Friday, April 12, 2013

An Evening with Sami van Ingen

On the surface, the three films shown by the Balagan screening series on Monday, April 1st in Cambridge, Massachusetts to celebrate the work of Finnish artist Sami van Ingen – Texas Scramble (1996), Deep Six (2007), and Fokus (2004) – don’t seem to come from the same filmmaker. “We wanted to show some of the different sides of Sami’s work,” explained programmer Mariya Nikiforova when probed about the diversity of the screening. Her simple answer hinted at even further realms of variation within van Ingen’s twenty years’ worth of work unexplored by this particular program. Indeed, these three films alone embody lyrical, diaristic, self-reflexive, deconstructive, anthropological, personal documentary, and structuralist impulses.

Texas Scramble, the first film in the program, is the most conspicuous outlier of the three. The film opens with an onscreen text taken from Buddhist verse that proves the poetic guiding logic for van Ingen’s otherwise seemingly free-associative structure: “what we are today comes from our thoughts of yesterday/our present thoughts build our life of tomorrow/our life is the creation of our mind.” The quote hints at motifs of circularity, renewal, repetition, and memory, and van Ingen proceeds to build these ideas into the film’s fluid form, which behaves according to visual echoes, rhythmic matches (both sonic and pictorial), and subtle loops. Over the course of 21 minutes, a diegetic memory starts to set in. Camera movements, shadows, and reflections seem haunted by previous parallels, mirroring human memory and the phenomenon of déjà vu.

The psychological curiosity and frenetic movement (always suggesting the presence of a human behind the camera) of Texas Scramble is worlds apart from the naked formalism and clever self-reflexivity of Deep Six. Cannibalizing a sequence featuring a logging truck barreling down an empty highway in Sidney J. Furie’s 1998 action thriller The Rage, van Ingen displays an almost fetishistic interest in movement and speed for its own sake. The footage quickly sheds any trace of narrative baggage as van Ingen shifts the CinemaScope image out of alignment to reveal dark frame lines, approximating the effect of an old television set skipping out of proper calibration. Playfully, van Ingen uses a spacious format touted as the most complete viewing experience only to violently disrupt any sense of unabated immersion in the spectacle. In the end, this formal breakdown is tied to the fate of the truck, whose piles of timber come crashing out of the truck bed on a particularly narrow turn.

Fokus, the final film in the program as well as van Ingen’s most widely shown work, shares with Deep Six an interest in obsessively teasing out latent moods and ideas in previously existing material.
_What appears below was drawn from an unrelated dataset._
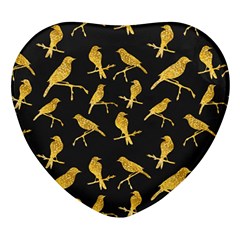 Background With Golden Birds Heart Glass Fridge Magnet (4 Pack) by pakminggu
In this case, van Ingen recycles fifty-year-old color footage taken by his grandmother at her wedding ceremony in India. Van Ingen was not yet born when these images were shot, but he did spend his youth in Southern India due to his father’s heritage, and as such the film represents an effort to parse deeper into his ancestral history and cultural inheritance. Using an optical printer, van Ingen enlarges and slows these images to put them under intense scrutiny. Sometimes this results in discoveries that could only be made under such careful viewing circumstances: wedding rituals and processions start to take on a level of absurdity, while hierarchies of power within the ceremony are pulled into sharp, unsettling focus. Other times, van Ingen defamiliarizes – if not completely obscures – these images beyond recognition so that they crumble into a mass of earthy, colorful film grain spreading like lava across the screen. Van Ingen’s rising-and-falling low-frequency drones further encourage the contemplative atmosphere.

It’s obvious that van Ingen’s an eclectic filmmaker capable of working expressively with a number of experimental approaches. Balagan’s recent program likely only scratches the surface of an oeuvre that hopefully contains further variations on the disparate textures, structures, and meditations presented here. Fokus and Deep Six share obvious technical affinities, but that is to say nothing of their differing thematic impulses (one being a formal exercise in spectacle and the projection apparatus and the other being an excursion into familial history) or the fact that they do little to shed light on a film as mysteriously intimate as Texas Scramble. Thanks to Balagan, at least we can get a glimpse of this Finnish talent’s cluster of interests.